While watching and commenting on the Leeds Piano Competition, an email exchange with a blogging friend of mine who was actually present at the concerto finals about our personal responses to hearing music, in particular in a live concert setting, reminded me that as a listener we can also take ownership of a performance.
Listening to music is a highly subjective and personal experience. I go to many concerts, often with friends and discussions during the interval and afterwards reveal that we each take from a concert something that is deeply personal to us alone – and that includes negative experiences as well as positive ones.
It’s enjoyable and stimulating to discuss a concert with others, in the pub or via social media, but it can be frustrating when people assert their views with the express intention of trying to compete with someone else’s opinion or to suggest the other’s opinion or response to the concert is less valuable or meaningful than theirs. This can have the effect of diminishing the experience of a concert (on occasion has led me to wonder if I might have something wrong with my hearing…..)
The responses in the press and from friends who’d also attended Ivo Pogorelich’s last concert in London in 2015 is one such example. “Oh it was terrible!” one friend exclaimed after the event. “Fistfuls of wrong notes, erratic tempos and just so much wrong with his playing!“. The mainstream press eviscerated Pogorelich in their reviews, questioning not only his pianistic abilities but his reasons for daring to appear in London in the first place when he clearly wasn’t up to the job (itself a questionable assertion by a critic who probably couldn’t even play Happy Birthday on the piano from memory…..). I found the concert memorable for all sorts of reasons – yes, there was some peculiar playing, very personal and at times erratic, but there was also some incredible, thrilling and really beautiful playing (notably in the Brahms Paganini Variations). There were times when the narrative of the evening seemed to unfold like a Shakespearean tragedy (my personal feeling was that Pogorelich really didn’t want to give the concert), and a peculiar, almost comedic interaction with the page turner. At the end Pogorelich received a standing ovation – a reaction which a number of critics questioned. But for those people who stood to applaud, their actions were entirely justified, because they felt he deserved it. And in doing so, they took ownership of the concert, each in their own way.

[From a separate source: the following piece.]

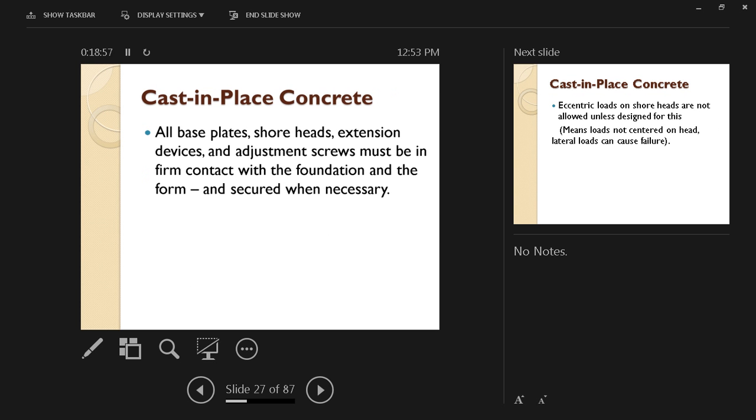All base plates, shore heads, extension devices, and adjustment screws must be in firm contact with the foundation and the form and secured when necessary to make sure that they do not move from place under the pressure of the concrete on top of them.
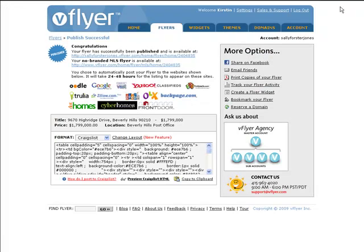Finally, let's take a look at how you can change the layout of your Craigslist ad when you publish a flyer with a custom theme. On the Publish Confirmation page, click the link above the Craigslist HTML labeled Change Layout.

I too took ownership of that concert. Tired of people who had simply read the reviews in The Times, The Telegraph et al, but didn’t actually attend, telling me that Pogorelich’s career was “over” or that he should never be “allowed” to give a concert again, I simply replied “You weren’t there“. It was an extraordinary evening, and one I won’t forget in a hurry. A shame then that the comments and views of others rather undermined my experience.

A similar thing happened after I’d attended a concert by Polish pianist Piotr Anderszewski, a pianist I much admire and try to hear every time he is in London. An acquaintance of mine wrote to me after reading my review and bluntly stated that this pianist was “a case of the Emperor’s New Clothes” – but without actually explaining why.
It seems that some people feel the need to make such comments under the pretence of offering a critique when in fact all they are doing is trying to compete with or undermine someone else’s opinion or experience. But I know how I felt about Anderszewski’s performance, or indeed Krystian Zimerman’s 2017 Schubert Sonatas disc for that matter: those are my personal responses to the performances and the music, and are experiences which I own.
A similar scenario occurs when people turn to reviews in the press: if [insert name of well-known broadsheet newspaper here] says such-and-such a performer/concert/opera production is good/indifferent/shockingly bad it must be true. This attitude forgets that the critic is simply offering an opinion, not an empirical truth.
Our personal responses to music, concerts and performances are incredibly important, and contribute to an ongoing experience. Some concerts stand out more than others, the memory of them a potent lasting connection to the original event (I can still recall very vividly hearing the British pianist John Lill perform Chopin’s B-flat minor Sonata at the Southbank in the early 1980s. An engrossing, emotionally-charged evening, when he came to take his bow, he looked utterly shattered: I think it was the first time I realised just how bloody hard, physically and mentally, playing the piano can be).
Treasure your listening experiences and don’t let anyone else’s comments or critique diminish them. They are your experiences and yours alone: you own that concert.